▶ _Task statement_
Once the pictures are set aside, repeat all of the data below exactly.

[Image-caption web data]
*** Begin section ***

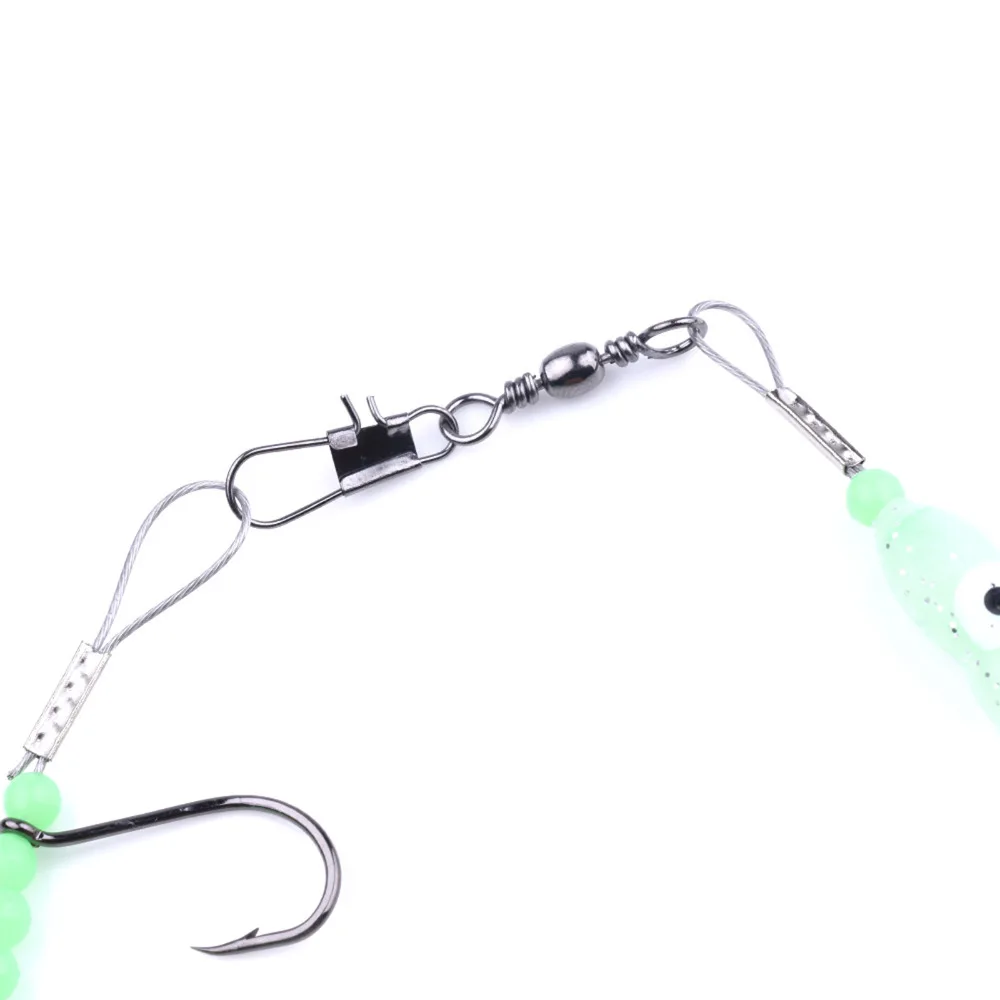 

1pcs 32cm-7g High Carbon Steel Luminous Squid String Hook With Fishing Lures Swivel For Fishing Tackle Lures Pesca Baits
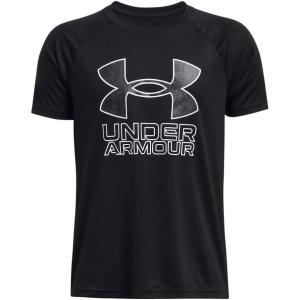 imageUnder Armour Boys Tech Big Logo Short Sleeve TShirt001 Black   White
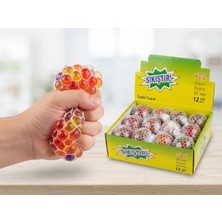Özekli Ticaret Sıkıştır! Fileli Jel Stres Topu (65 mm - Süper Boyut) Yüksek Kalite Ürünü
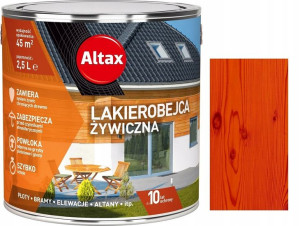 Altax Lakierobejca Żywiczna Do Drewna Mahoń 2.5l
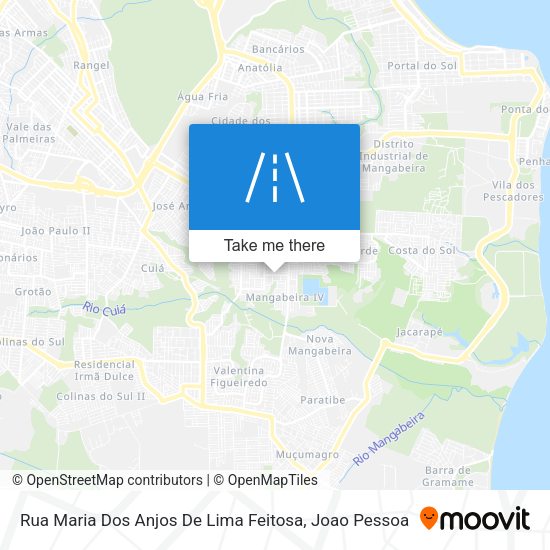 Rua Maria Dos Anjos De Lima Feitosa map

*** End section ***

▶ _Response to this task_
1pcs 32cm-7g High Carbon Steel Luminous Squid String Hook With Fishing Lures Swivel For Fishing Tackle Lures Pesca Baits
 imageUnder Armour Boys Tech Big Logo Short Sleeve TShirt001 Black   White
Özekli Ticaret Sıkıştır! Fileli Jel Stres Topu (65 mm - Süper Boyut) Yüksek Kalite Ürünü
 Altax Lakierobejca Żywiczna Do Drewna Mahoń 2.5l
 Rua Maria Dos Anjos De Lima Feitosa map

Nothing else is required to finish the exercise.